━━━━━ INPUT DATA

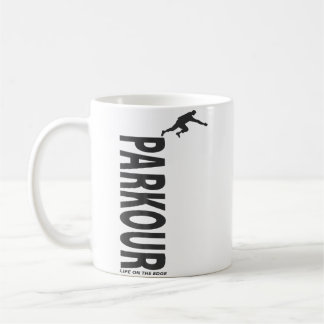 Toller Parkour Leben Am Rand Kaffeetasse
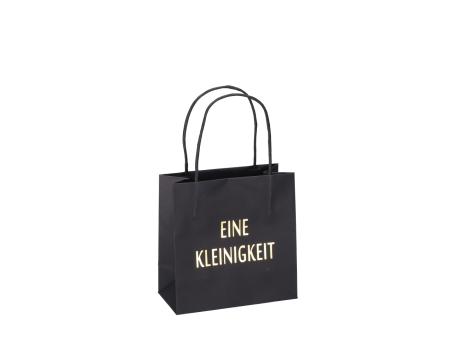 Geschenktüte bedruckt "Eine Kleinigkeit" B16 T8 H16cm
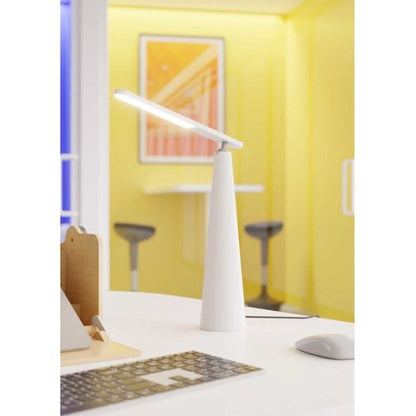 Alba Wireless LED Desk Lamp White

━━━━━━━━━━

> **TASK TO CARRY OUT**
With pictures excluded, copy exactly the lines from the line containing "B16 T8 H16cm" through the last line of the listing above, both ends included.

> **RESULT OF THIS TASK**
 Geschenktüte bedruckt "Eine Kleinigkeit" B16 T8 H16cm
 Alba Wireless LED Desk Lamp White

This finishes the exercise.